Em vez disso, os resultados revelam que crianças com menos de quatro anos produzem cerca de 66 vocalizações a mais por hora a cada ano de desenvolvimento.
Isso era de esperar, uma vez que a idade está intimamente ligada ao desenvolvimento cognitivo, mas houve outro fator que também mostrou um efeito surpreendentemente forte: as crianças que ouviam os adultos falar mais, tendiam a falar mais.
Em média, para cada 100 vocalizações de um adulto ouvidas por uma criança em uma hora, essa criança produzia mais 27 vocalizações.
Este efeito de ‘fala de adulto’ cresceu em 16 vocalizações a cada ano de desenvolvimento infantil.
Para colocar a importância desse efeito em perspectiva, as crianças do estudo que apresentaram desenvolvimento de linguagem não normativo, como a dislexia, produziram 20 vocalizações a menos por hora em comparação com seus pares.
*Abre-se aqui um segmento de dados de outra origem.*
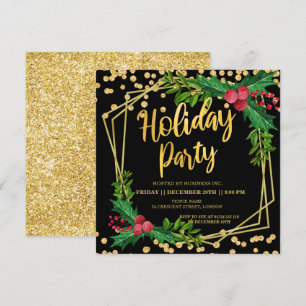 Gold Black Holtrahmen Glitzer Holiday Corporate Einladung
Todos os anos, essa diferença aumentava em cerca de 8 vocalizações por hora.
O presente estudo contou apenas os sons emitidos durante o dia, o que significa que não examinou a sofisticação da linguagem utilizada pelas crianças.
Como resultado, fatores socioeconômicos ou de gênero ainda podem ter impacto em alguns elementos do desenvolvimento da linguagem que são negligenciados neste estudo.
As crianças criadas em famílias com níveis socioeconômicos mais elevados, por exemplo, poderiam ter pais que lessem mais para elas, possivelmente melhorando o seu vocabulário ou desenvolvimento gramatical.
Bergelson reconhece que seu estudo recente adotou uma abordagem “grosseira” que pode perder alguns detalhes mais sutis.
“É a estimativa do algoritmo de quanta fala a criança está ouvindo ou produzindo”, disse ela a Christy DeSmith, do Harvard Gazette.
“Mas acho que é uma abordagem complementar ao que, de outra forma, seria um trabalho muito, muito demorado e limitador de amostras.”